▶ _Dataset records_:
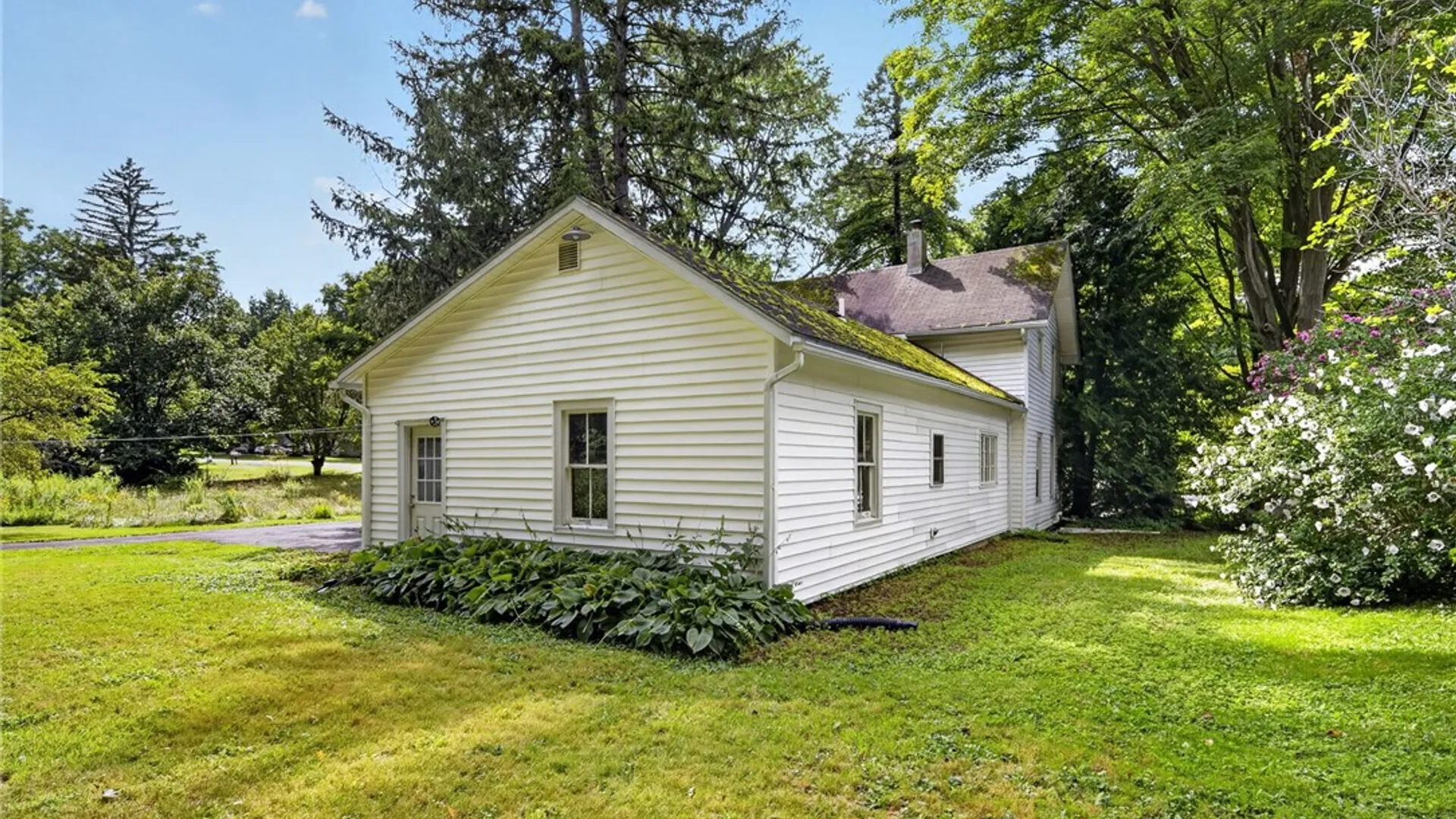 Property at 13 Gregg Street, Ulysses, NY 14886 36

* * *

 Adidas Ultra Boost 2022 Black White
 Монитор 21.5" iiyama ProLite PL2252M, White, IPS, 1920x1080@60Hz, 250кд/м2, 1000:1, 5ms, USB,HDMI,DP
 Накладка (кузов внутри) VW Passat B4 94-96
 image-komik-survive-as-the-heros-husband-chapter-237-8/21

...

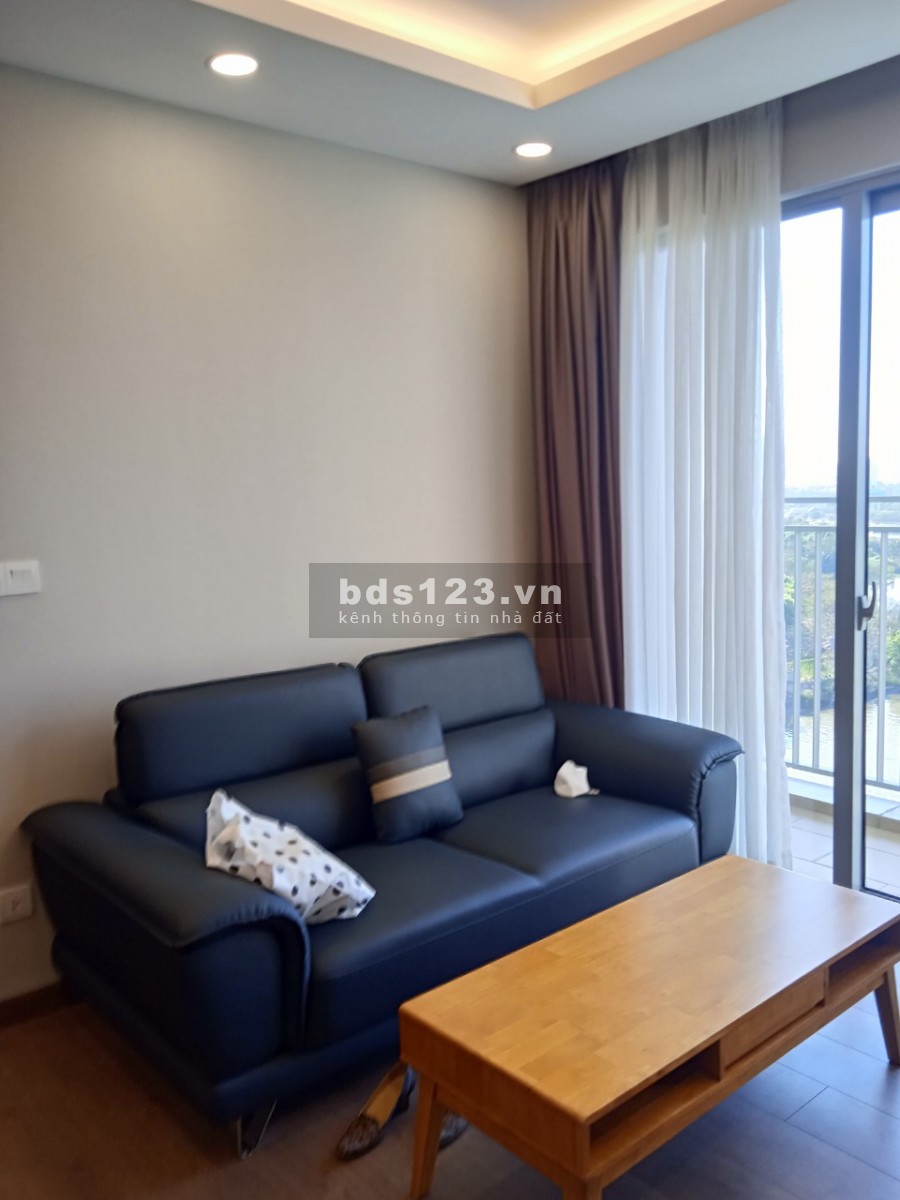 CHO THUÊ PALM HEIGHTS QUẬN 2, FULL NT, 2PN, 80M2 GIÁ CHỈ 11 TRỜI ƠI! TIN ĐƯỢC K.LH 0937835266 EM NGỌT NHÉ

▶ _Instructions to follow_: The lines that contain the word "White" are wanted; copy each of them from the records.

▶ _Response box_:
 Adidas Ultra Boost 2022 Black White
 Монитор 21.5" iiyama ProLite PL2252M, White, IPS, 1920x1080@60Hz, 250кд/м2, 1000:1, 5ms, USB,HDMI,DP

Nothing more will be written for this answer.